=== Begin Enclosure ===

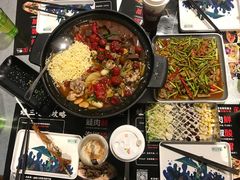 -蛙三泡椒牛蛙(万象城店)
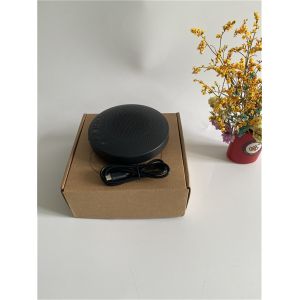 Online Meeting Portable usb&wireless omnidirectional microphone for meeting room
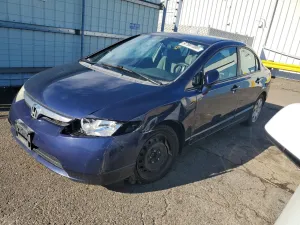 2008 HONDA CIVIC
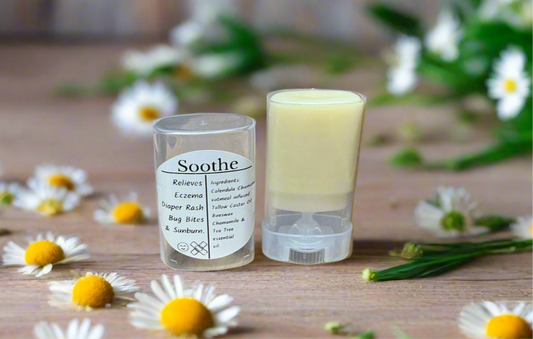 Soothe Twist up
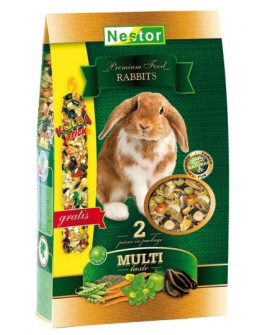 Nestor Pokarm Królik Premium 1400Ml
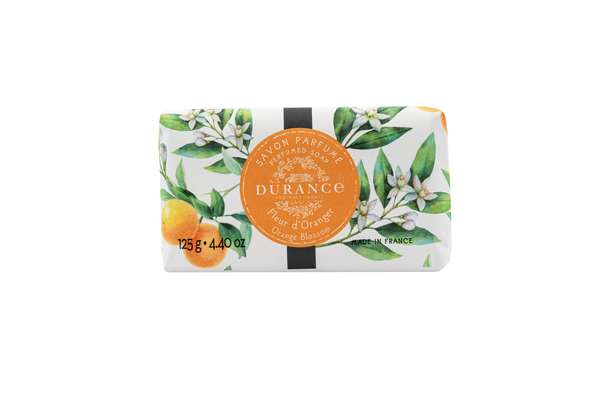 Savon parfumé Fleur d'Oranger, Durance (125 g)
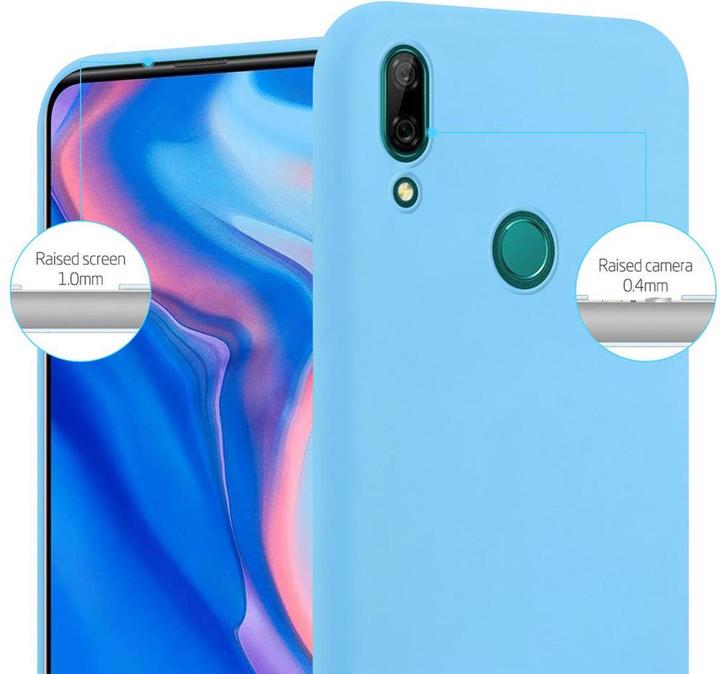 Immagine prodotto Cadorabo Copertina in TPU Candy (Huawei P Smart Z, Huawei Enjoy 10 Plus, Huawei Y9 Prime (2019))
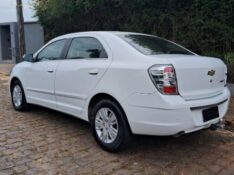 CHEVROLET COBALT 1.8 LTZ 2015/2015 STOPCAR MULTIMARCAS ESTRELA / Carros no Vale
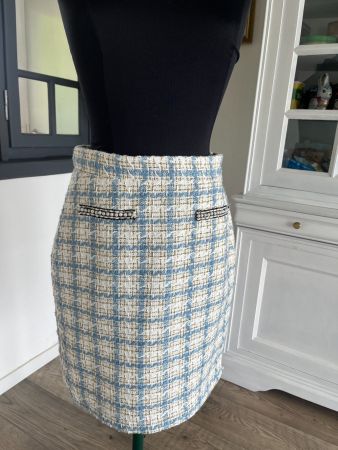 Petit jupe tailleur SO CHIC  36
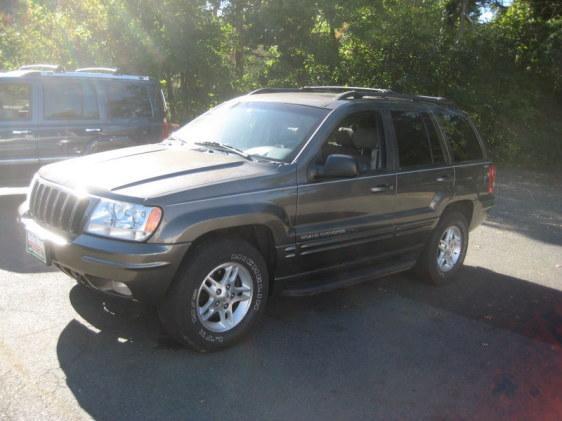 2000 Jeep Grand Cherokee Limited 4WD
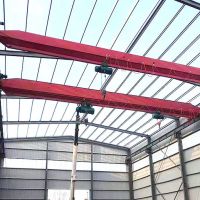 河南電動葫蘆起重機行車銷售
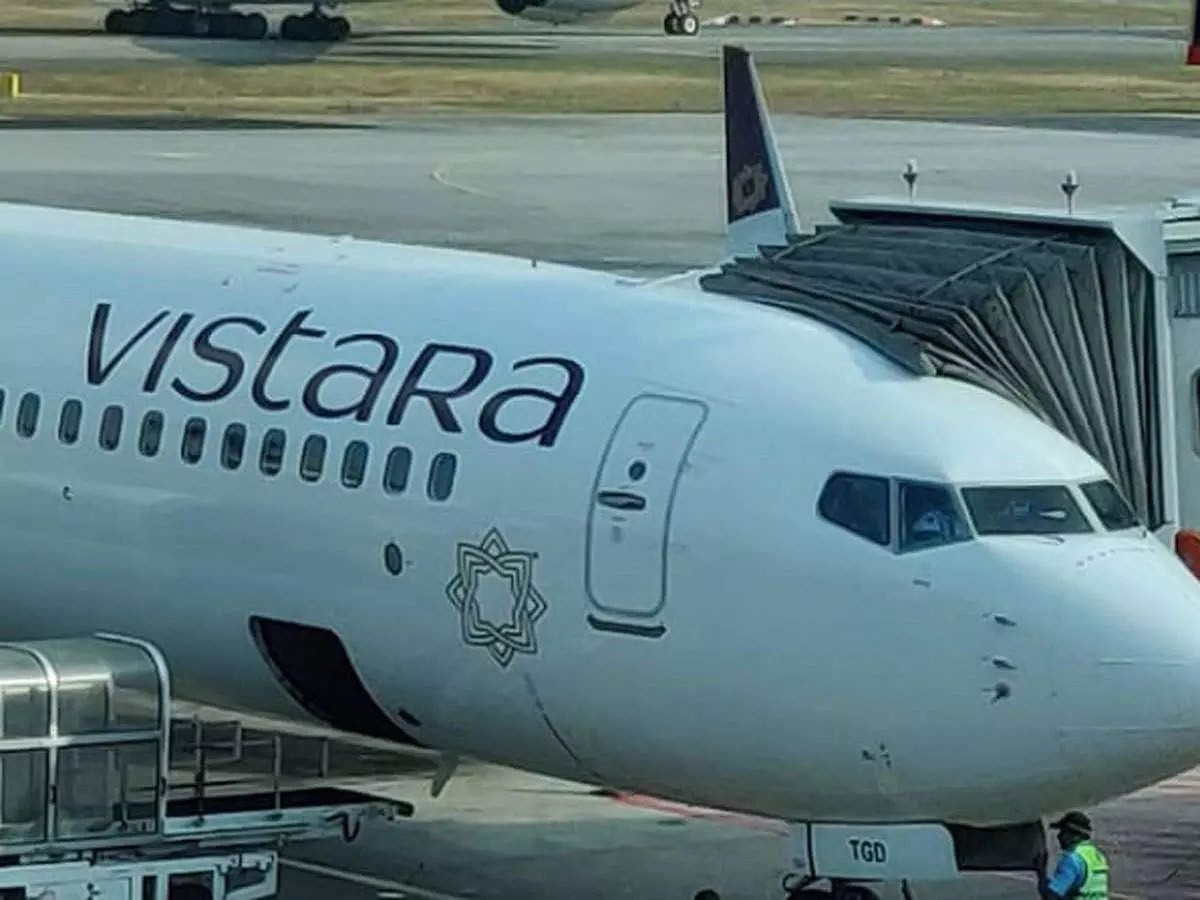 Vistara Solely Boosts On-Time Performance in May: Ministry Data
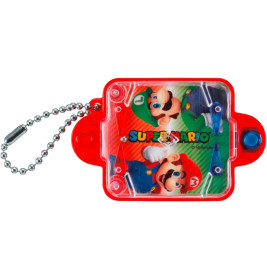 Super Mario BB Schlüsselanhänger Mini Spiel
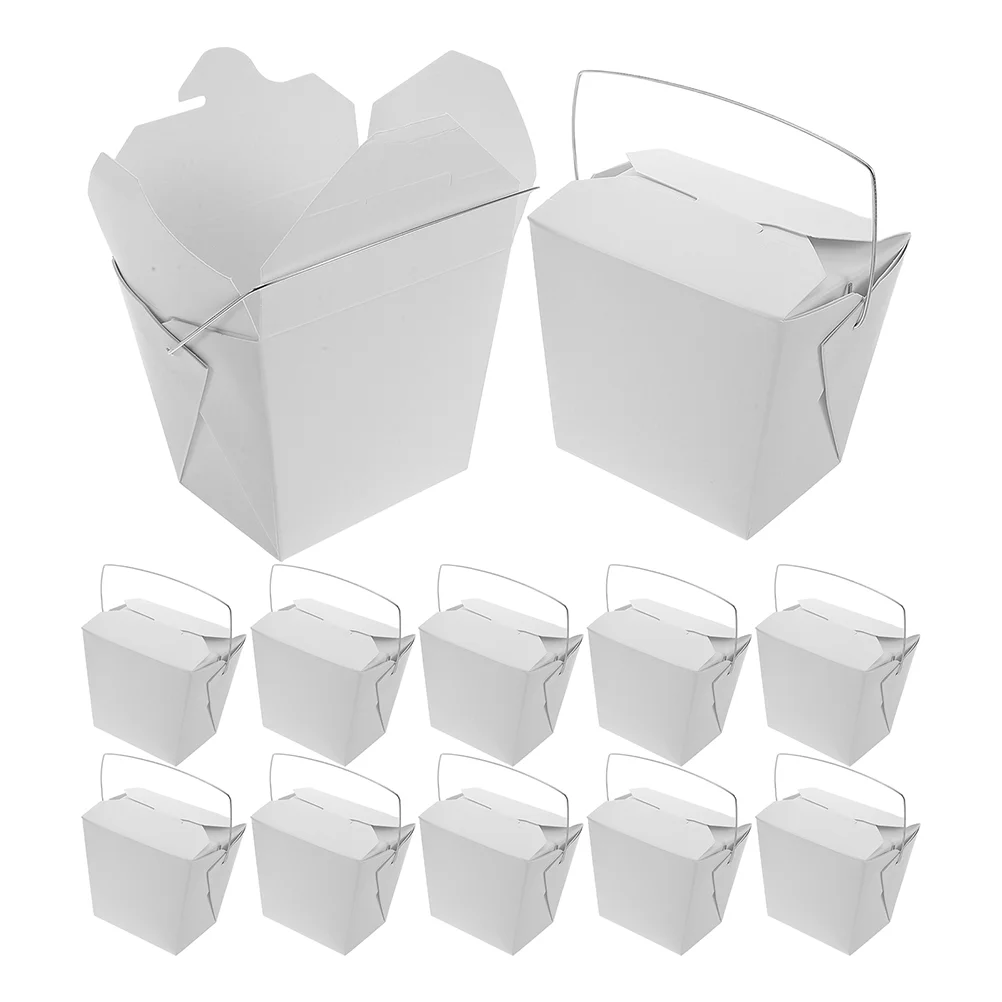 50 Pcs Oval Palette Takeaway Food Box Chinese Container Containers White Iron Kitchen Spoon Rice
50 Pcs Oval Palette Takeaway Food Box Chinese Container Containers White Iron Kitchen Spoon Rice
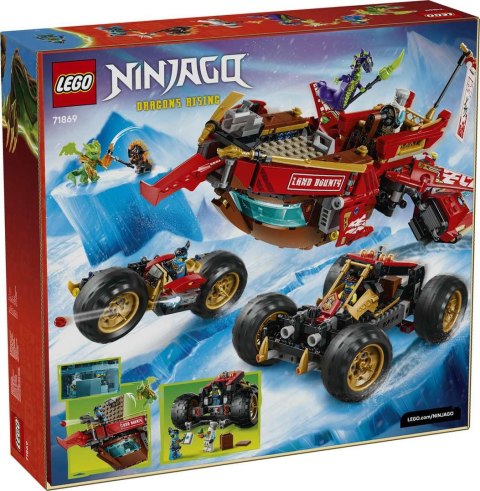 71869 | Perła Lądu LEGO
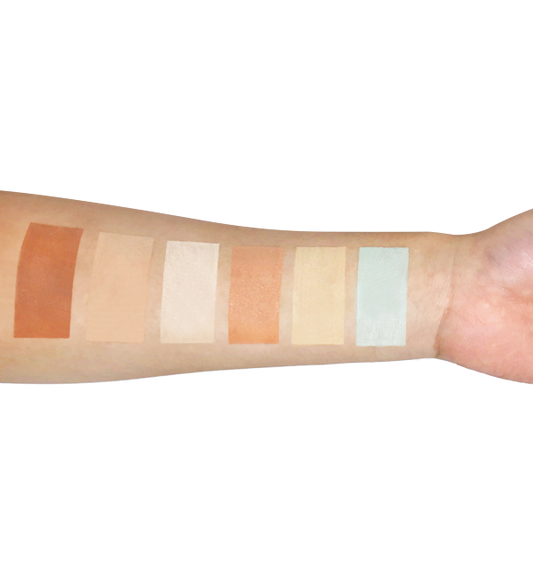 THE RETOUCHER Concealer Palette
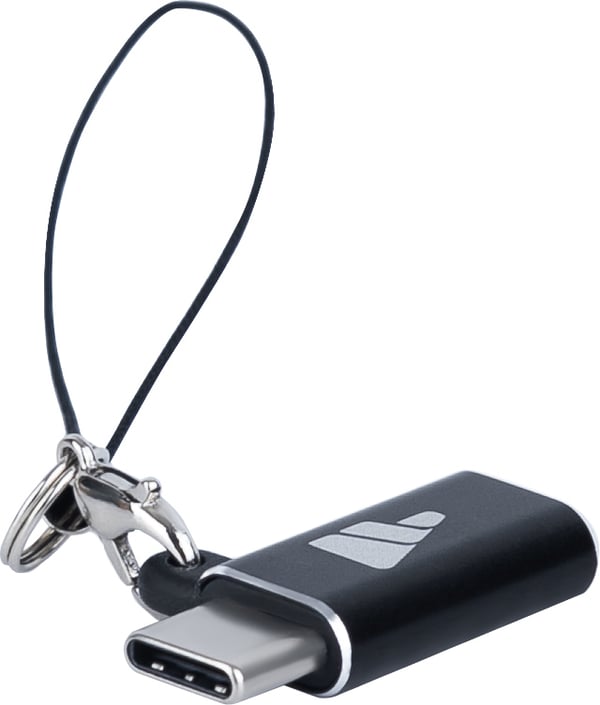 Fuj:tech USB-C - USB-C Data Blocker -adapter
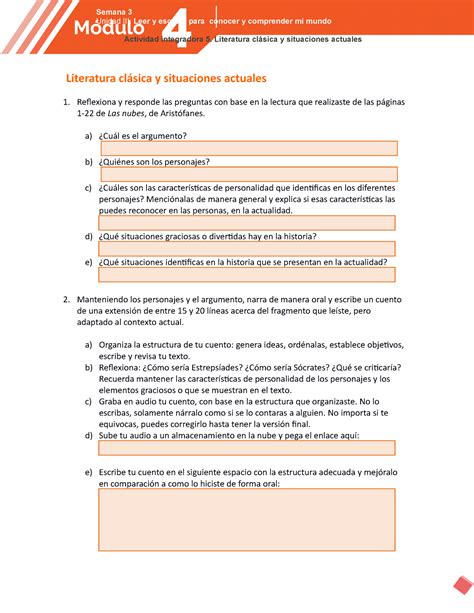 M04 S3 AI5 WORD Tarea Literatura clásica y situaciones actuales 1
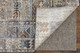 Feizy Melrose 39P0F Gray Red Blue Area Rug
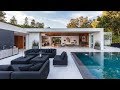 Stunning Ultra-Modern Contemporary in Beverly Hills, Los Angeles, CA, USA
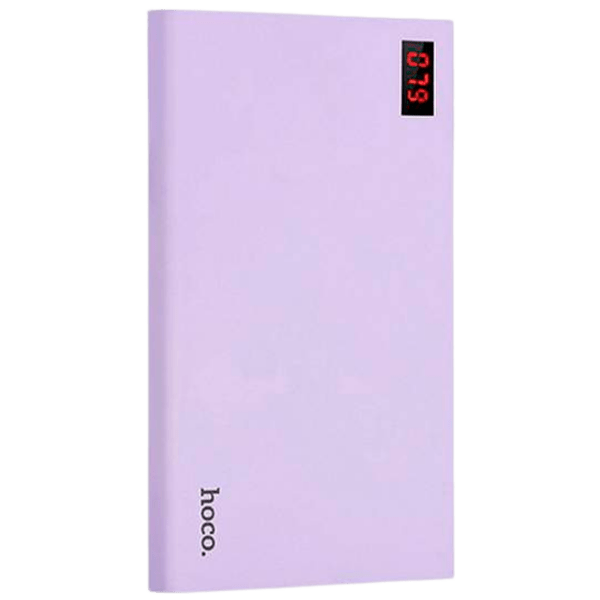 Power Bank 20000 mAh Hoco B17 Purple  photo 1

=== End Enclosure ===

(WHAT TO PRODUCE)
Copy the records shown above in their entirety and exactly; images are to be left out.

(ANSWER BOX)
 -蛙三泡椒牛蛙(万象城店)
 Online Meeting Portable usb&wireless omnidirectional microphone for meeting room
 2008 HONDA CIVIC
 Soothe Twist up
 Nestor Pokarm Królik Premium 1400Ml
 Savon parfumé Fleur d'Oranger, Durance (125 g)
 Immagine prodotto Cadorabo Copertina in TPU Candy (Huawei P Smart Z, Huawei Enjoy 10 Plus, Huawei Y9 Prime (2019))
 CHEVROLET COBALT 1.8 LTZ 2015/2015 STOPCAR MULTIMARCAS ESTRELA / Carros no Vale
 Petit jupe tailleur SO CHIC  36
 2000 Jeep Grand Cherokee Limited 4WD
 河南電動葫蘆起重機行車銷售
 Vistara Solely Boosts On-Time Performance in May: Ministry Data
 Super Mario BB Schlüsselanhänger Mini Spiel
 50 Pcs Oval Palette Takeaway Food Box Chinese Container Containers White Iron Kitchen Spoon Rice
50 Pcs Oval Palette Takeaway Food Box Chinese Container Containers White Iron Kitchen Spoon Rice
 71869 | Perła Lądu LEGO
 THE RETOUCHER Concealer Palette
 Fuj:tech USB-C - USB-C Data Blocker -adapter
 M04 S3 AI5 WORD Tarea Literatura clásica y situaciones actuales 1
 Feizy Melrose 39P0F Gray Red Blue Area Rug
 Stunning Ultra-Modern Contemporary in Beverly Hills, Los Angeles, CA, USA
 Power Bank 20000 mAh Hoco B17 Purple  photo 1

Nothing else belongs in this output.